Income properties can be evaluated by any real estate professional with simple valuation methods. One particular method of valuation is more accurate than another, depending on the type and size of the investment property you are analyzing. No matter which method you use, you must conduct a thorough rental survey of similar properties so you can see if the property you are evaluating has rental rates at market or under market. It is very important to keep many factors in mind such as location, condition, amenities, vacancy rates, and the investment marketplace which can affect the subject property's value. Otherwise, you could overvalue or even undervalue/underselling a property.

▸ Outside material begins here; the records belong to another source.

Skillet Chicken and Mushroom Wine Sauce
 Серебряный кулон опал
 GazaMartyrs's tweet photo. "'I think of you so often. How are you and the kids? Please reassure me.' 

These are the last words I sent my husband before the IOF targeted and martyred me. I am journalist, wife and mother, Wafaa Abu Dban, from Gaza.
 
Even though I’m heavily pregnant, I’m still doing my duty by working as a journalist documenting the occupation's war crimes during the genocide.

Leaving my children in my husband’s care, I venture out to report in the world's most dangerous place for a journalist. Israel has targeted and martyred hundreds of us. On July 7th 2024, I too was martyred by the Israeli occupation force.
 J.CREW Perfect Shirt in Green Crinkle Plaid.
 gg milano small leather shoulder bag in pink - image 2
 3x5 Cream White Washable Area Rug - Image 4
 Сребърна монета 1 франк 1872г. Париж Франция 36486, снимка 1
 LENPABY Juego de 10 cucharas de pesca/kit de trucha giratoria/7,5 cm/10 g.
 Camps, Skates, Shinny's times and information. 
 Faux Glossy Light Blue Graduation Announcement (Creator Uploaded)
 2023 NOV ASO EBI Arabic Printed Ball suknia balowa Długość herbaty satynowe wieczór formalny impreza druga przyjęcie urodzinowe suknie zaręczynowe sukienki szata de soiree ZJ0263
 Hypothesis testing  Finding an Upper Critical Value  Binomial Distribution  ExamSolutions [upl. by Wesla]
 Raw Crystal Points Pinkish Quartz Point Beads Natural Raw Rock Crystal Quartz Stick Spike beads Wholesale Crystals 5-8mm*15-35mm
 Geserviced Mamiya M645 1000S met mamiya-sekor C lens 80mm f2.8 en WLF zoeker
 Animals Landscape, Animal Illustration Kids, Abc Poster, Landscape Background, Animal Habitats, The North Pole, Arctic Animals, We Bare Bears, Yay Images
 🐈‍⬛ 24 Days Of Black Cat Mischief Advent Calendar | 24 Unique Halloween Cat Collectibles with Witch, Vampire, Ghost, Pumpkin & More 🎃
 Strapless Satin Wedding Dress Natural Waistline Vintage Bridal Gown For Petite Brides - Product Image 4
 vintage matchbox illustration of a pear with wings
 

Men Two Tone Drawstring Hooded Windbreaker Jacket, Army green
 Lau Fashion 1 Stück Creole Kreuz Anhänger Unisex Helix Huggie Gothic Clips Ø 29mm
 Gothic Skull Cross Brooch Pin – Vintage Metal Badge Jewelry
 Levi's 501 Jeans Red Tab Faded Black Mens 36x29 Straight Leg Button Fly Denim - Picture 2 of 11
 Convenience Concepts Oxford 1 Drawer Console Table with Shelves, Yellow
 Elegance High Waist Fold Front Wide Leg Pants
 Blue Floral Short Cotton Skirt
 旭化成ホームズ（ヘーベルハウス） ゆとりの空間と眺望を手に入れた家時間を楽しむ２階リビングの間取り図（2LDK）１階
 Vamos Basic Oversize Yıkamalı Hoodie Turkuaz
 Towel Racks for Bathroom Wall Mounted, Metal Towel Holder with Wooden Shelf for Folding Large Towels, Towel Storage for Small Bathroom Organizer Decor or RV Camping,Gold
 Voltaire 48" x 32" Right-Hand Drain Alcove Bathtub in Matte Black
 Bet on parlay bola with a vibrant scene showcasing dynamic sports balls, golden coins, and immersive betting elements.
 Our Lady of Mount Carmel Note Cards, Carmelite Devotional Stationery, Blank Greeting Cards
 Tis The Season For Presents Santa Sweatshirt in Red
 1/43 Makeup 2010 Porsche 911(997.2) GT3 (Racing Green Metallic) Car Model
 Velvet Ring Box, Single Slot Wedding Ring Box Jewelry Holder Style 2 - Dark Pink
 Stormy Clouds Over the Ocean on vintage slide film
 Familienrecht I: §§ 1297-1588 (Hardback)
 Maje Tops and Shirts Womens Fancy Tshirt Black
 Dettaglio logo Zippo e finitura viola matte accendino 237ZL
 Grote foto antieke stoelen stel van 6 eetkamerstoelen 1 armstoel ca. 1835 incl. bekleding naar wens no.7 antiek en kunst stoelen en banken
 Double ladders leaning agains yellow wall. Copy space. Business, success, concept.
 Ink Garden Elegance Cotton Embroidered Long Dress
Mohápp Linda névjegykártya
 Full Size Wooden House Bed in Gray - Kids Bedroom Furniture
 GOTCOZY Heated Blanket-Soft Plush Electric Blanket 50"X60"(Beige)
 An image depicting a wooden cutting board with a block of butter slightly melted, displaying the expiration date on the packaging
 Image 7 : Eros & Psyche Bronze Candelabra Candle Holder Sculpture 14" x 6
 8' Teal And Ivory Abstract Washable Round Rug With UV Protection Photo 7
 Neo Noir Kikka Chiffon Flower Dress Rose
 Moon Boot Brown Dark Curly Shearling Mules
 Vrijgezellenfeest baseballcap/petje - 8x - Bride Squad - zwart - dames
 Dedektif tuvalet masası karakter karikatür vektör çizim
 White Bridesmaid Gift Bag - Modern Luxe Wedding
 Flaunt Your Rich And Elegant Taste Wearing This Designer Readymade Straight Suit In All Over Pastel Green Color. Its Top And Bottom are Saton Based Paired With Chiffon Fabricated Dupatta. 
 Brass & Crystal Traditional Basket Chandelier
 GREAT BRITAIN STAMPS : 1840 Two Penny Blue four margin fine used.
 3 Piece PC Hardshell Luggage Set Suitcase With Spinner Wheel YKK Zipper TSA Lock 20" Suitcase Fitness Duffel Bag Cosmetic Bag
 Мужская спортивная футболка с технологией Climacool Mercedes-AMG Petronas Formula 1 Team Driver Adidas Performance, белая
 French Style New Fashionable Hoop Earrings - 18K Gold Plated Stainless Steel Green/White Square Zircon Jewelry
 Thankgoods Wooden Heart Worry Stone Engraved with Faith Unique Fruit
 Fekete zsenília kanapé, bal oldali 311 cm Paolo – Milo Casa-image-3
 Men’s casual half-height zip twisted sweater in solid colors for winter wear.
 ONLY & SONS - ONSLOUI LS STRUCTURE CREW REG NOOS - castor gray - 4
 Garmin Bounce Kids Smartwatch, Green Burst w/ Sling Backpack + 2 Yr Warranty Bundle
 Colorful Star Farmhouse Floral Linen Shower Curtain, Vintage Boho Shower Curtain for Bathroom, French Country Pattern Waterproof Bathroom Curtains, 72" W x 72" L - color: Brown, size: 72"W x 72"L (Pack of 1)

A very simple, but least accurate valuation method is the GROSS RENT MULTIPLIER method, which is mostly used on multi-family properties. You look at other recent local sales, take their selling price, divide it by the stated gross rents to arrive at a "times gross" factor, which is then multiplied by the subject property's gross rents to determine the value.
ie. Say your 20-unit property's scheduled rents are $600/mo (600x20units= $12,000x12mo/yr= $144,000 gross annual rent). Local apartments are selling for 5 times the gross annual rent (the "times gross" factor), so you value this building at $720,000 ($144,000x5). Keep in mind the other factors that can affect the value in order to see if an adjustment is needed.
A more accurate form of valuation is by using the CAPITALIZATION OF NET INCOME method. To find the property's value, you divide the property's income (NOI - ALL income minus ALL expenses, except for any debt and taxes) by the desired rate of return (Cap Rate). You should get an idea of other property's cap rate by dividing their NOI by their sales price. You still should use a current rental survey to see if the property could achieve a higher NOI. But value the property somewhere below the max value in case of a loss of scheduled rents.
There are more accurate methods such as the IRR method mostly used by institutional investors, but requires more info and you will have to do more work.